# Moving to Madrid Next Week!



## Conor Hennessy (Aug 27, 2011)

Hi, I'm a 21year old Irish man moving to Madrid next week to begin my new job. I've never been before and I don't speak spanish (although thankfully my job doesn't require any spanish!).
I'm looking for some general advice on madrid, in particular what areas are good to live in? The office I'll be working in is located in the "Ciudad Lineal" region. I'd be happy to live anywhere up to 30min from here via public transport. My limit on rent would be roughly €500 p/m (for a room in a house share that is). I've started looking at places on the "idealista" website, but they seperate their properties into different regions and I don't know anything about any of the regions. So I'd greatly appreciate any advice on where is good to live and where isn't. Also, what is the standard procedure in relation to deposits?
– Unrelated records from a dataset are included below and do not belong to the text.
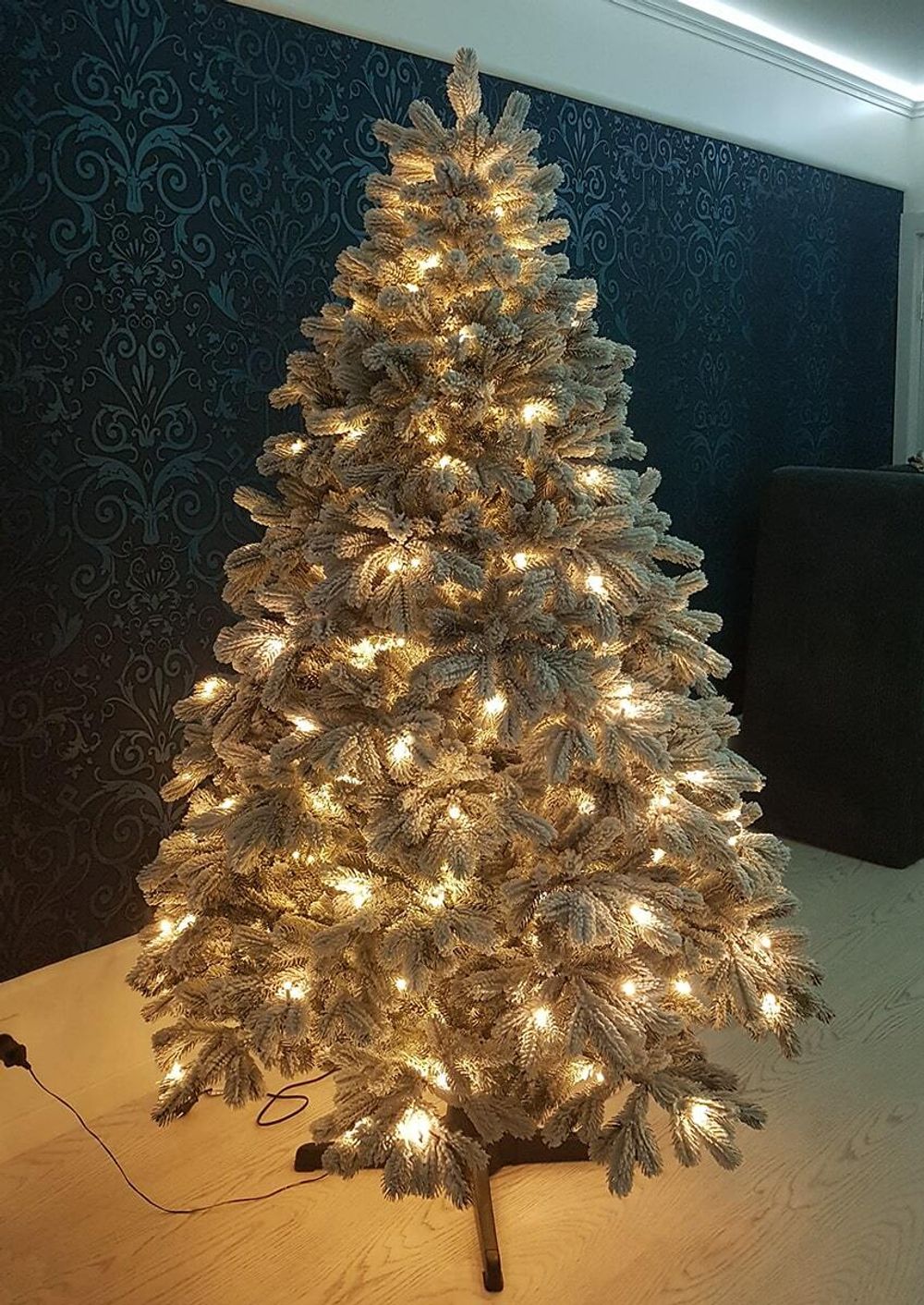 Заснеженная елка с Гирляндой встроенной «Королева леса» (Литая хвоя) 150 см / 1,5 м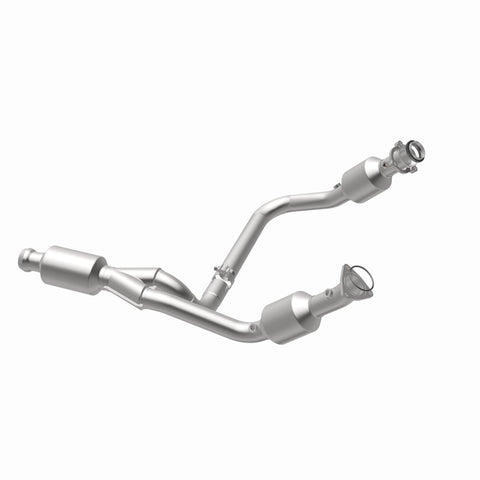 MagnaFlow 14-15 Chevrolet Silverado 1500 5.3L Direct-Fit Catalytic Converter - 5582642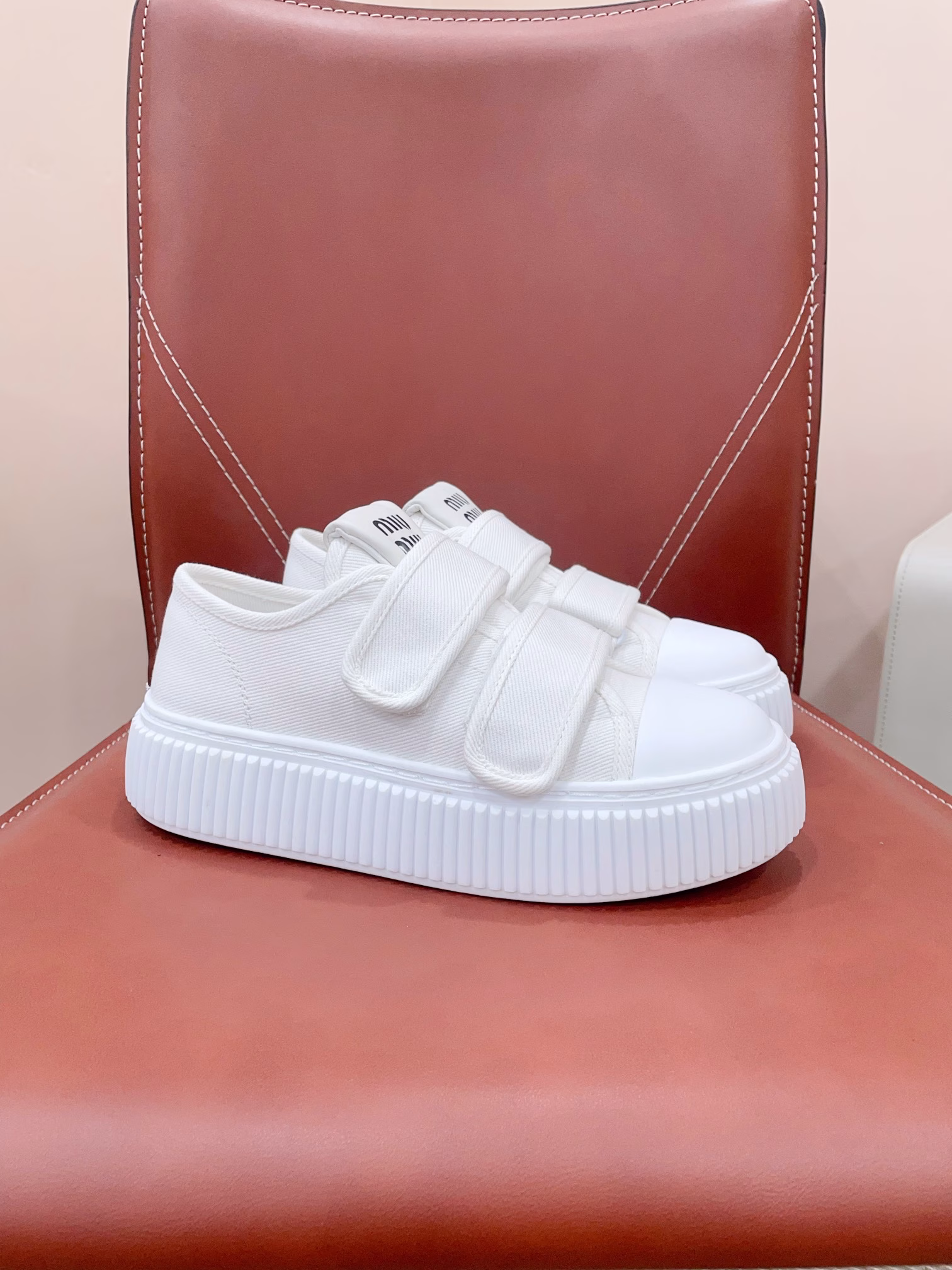 Youdaoplaceholder0 Certified 𝟐𝟎𝟐𝟒𝙨𝙨 𝐧𝐞𝐰The latest biscuit shoesUnderstand Women BEST ❤️The OVERALL STYLE IS very DELICATE and not bulky, CAN ALSO fully expose the ankle 🎉 The toe shape is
Most of the rooms I've seen required one months rent as deposit, is that the norm?
I'd greatly appreciate any help at all.
Kind Regards,
Conor


----------



## Trubrit (Nov 24, 2010)

Ciudad Lineal is a really nice area and I am sure that you will get a room for much less than that, probably about 250/300. finally, welcome to this great city, you'll love it!!


----------



## Trubrit (Nov 24, 2010)

Hi again Conor, I forgot to say that there is a great Irish pub there called Irish Corner, great food and drink.


----------



## Conor Hennessy (Aug 27, 2011)

That's great to hear Trubrit, thank you very much. I was hoping it's a nice area as there seem to be a huge amount of rooms available in the area at very good prices. Thanks again


----------



## Pesky Wesky (May 10, 2009)

Hi Connor,
I don't know the district too much. There is some info in Wikipedia about it.
Here's a map of the districts in Madrid.
Distritos de Madrid
Ciudad Lineal is the long green one to the right. Next to it is Salamanca - one of the most expensive districts.

What are yoou going to be doing in Madrid? If it's teaching in an academy, you might find this map useful too!
Off to my first class of the day. See you.


----------



## 90199 (Mar 21, 2010)

Best of luck for your new life!!


----------